I’m not a subscriber to so-called retail therapy, but I’m not averse to paint brightening up my patch of the world, particularly when I’ve chosen a light blue named Innocence.
My amusement mystifies my kids, and, honestly, myself, too. A better word to describe our life these days would perhaps be Koan. But try putting that on a paint can and marketing it. Who wants a little more koan, please?
Instead, I buy a used bureau from a couple who has seen far better days, or so I hope, and offer it to my daughter. From our basement, I pull out the can of yellow Little Dipper paint I used for our living room. She paints it on our back porch. I lean against the railing, looking at the trash that’s blown over the railing — junk mail, a used mask, a cardboard box I’ve used for kindling.
A sparrow sings in the box elders.
I turn around and watch her paint. What? she asks, looking over her shoulder at me.
Nothing, I lie. I reach for the quilt I washed that morning, hung over the railing, and fold it carefully.
I save my love for the smell of coffee at The Mill, the roasted near-burn of it, especially the remnant that stays later in the fibers of my coat.
I wake from what I suppose is a writer’s nightmare. Inexplicably, someone has altered the pages of the book I’m writing to emoijis — gibberish where I’ve labored so long to string together sense and beauty.

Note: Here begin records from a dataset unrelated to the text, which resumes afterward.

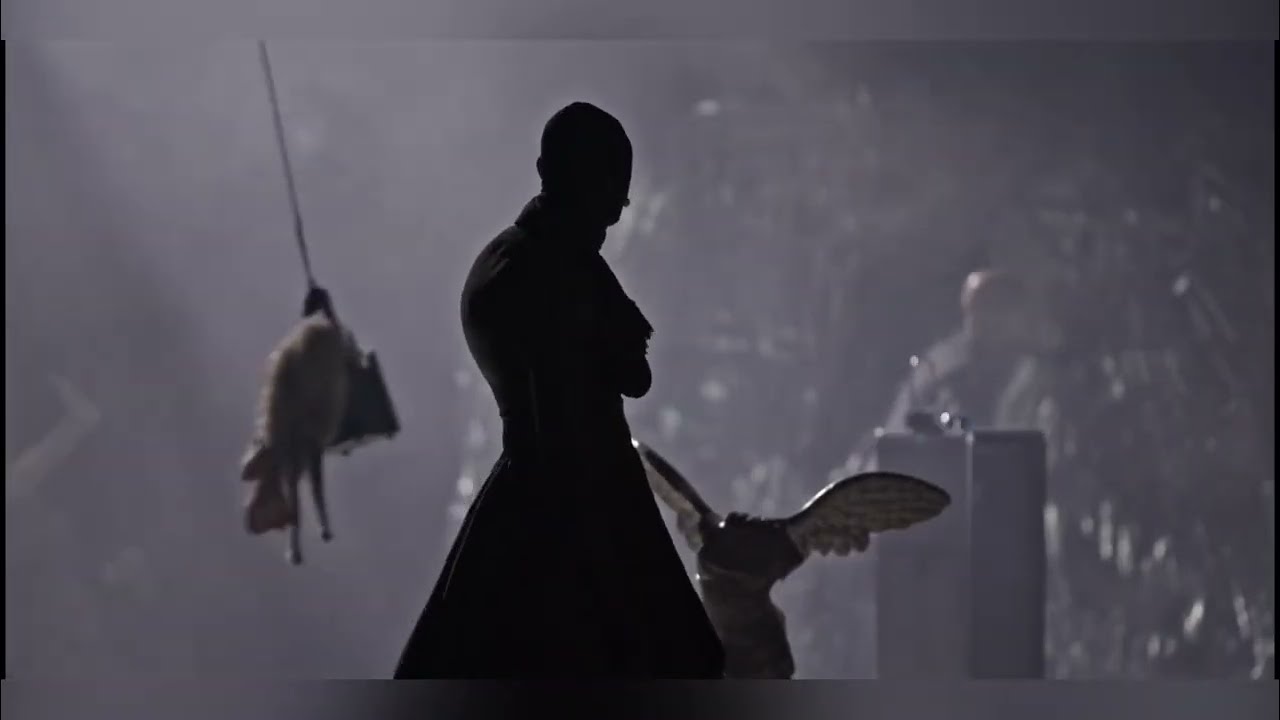 Elenit • Euripides Laskaridis | Teaser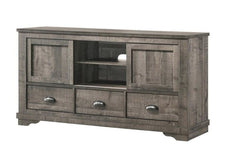Coralee Tv Stand
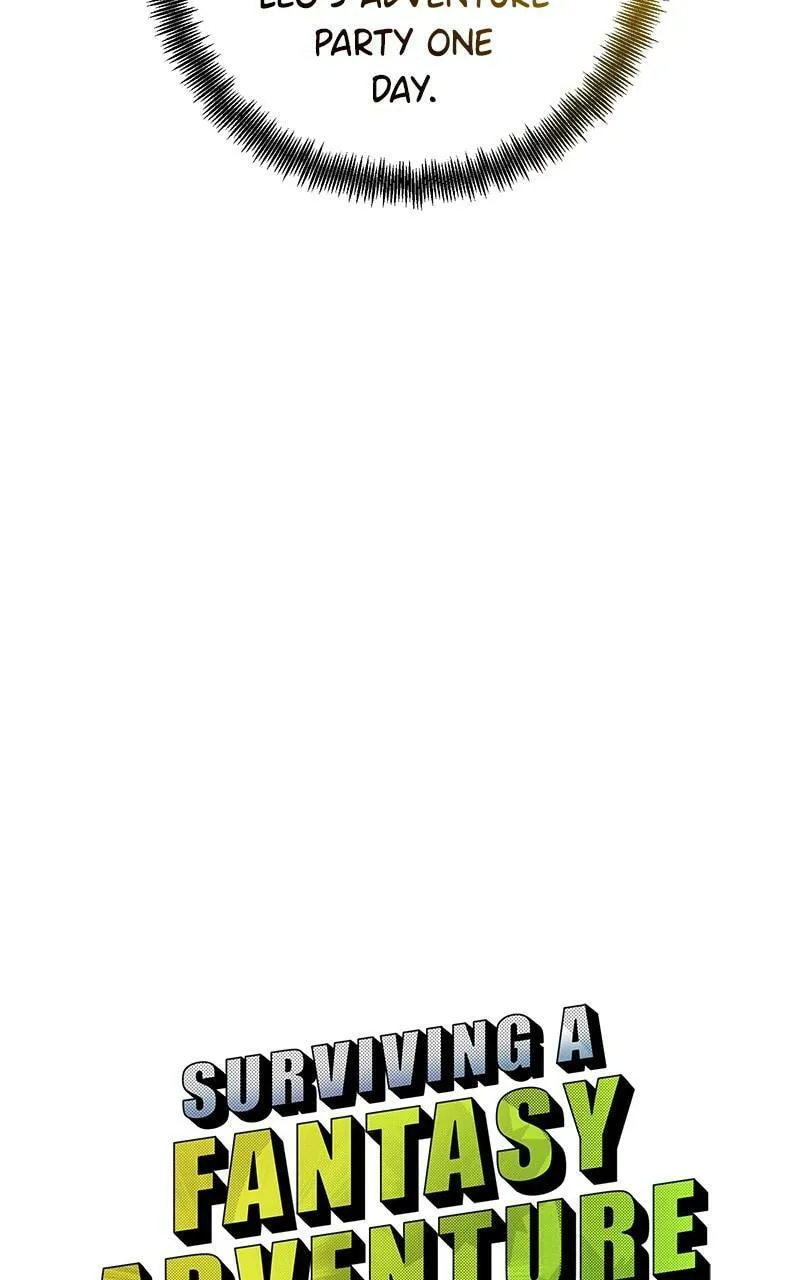 Surviving in the Shounen Manga Chapter 69 page 34 -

Mid-November, and the nights are long. We play Battleship, Boggle, Trouble. The library books pile up around the couch.
This time of year, I’m reminded of Vermont’s great extremes. By five, dark has set in fully. In summer, we’d be thinking of heading for an after-work swim. Walking yesterday, I thought of the wild forget-me-nots sprinkled along that roadside in summer. White, pale blue, gray, black: winter’s palette. Inside, we bake phyllo with salty cheese and roasted red peppers — not so much habit or tradition, but simply the thing to do.
Lador Day Weekend, we’re all home Sunday — both girls and myself — and I followed in the family tradition instilled by my father: painting the house. Our previous house was cedar shingled, with paint only on the window trim. That house had many windows, so, most falls, I painted some of the trim or old storm windows, always the same exterior deep blue teal.
My daughter, when she was three, called this Mama velvet-tealing, a neat way of turning a noun into a verb.
While gray is a traditional New England choice for steps, I had picked up a remainder can of exterior floor paint for a mural on the barn door. When I opened it up, the paint sparkled the glossy richness of spring dandelions.
No, the girls said.
Yes, I said.
Later, when the new neighbors walked over for cake, they asked how long the steps had been so brilliant. Since today, said my older daughter.
Once again, I find myself wildly painting. Next, a deep yammish orange for the upstairs floors. Color, the consolation of fall.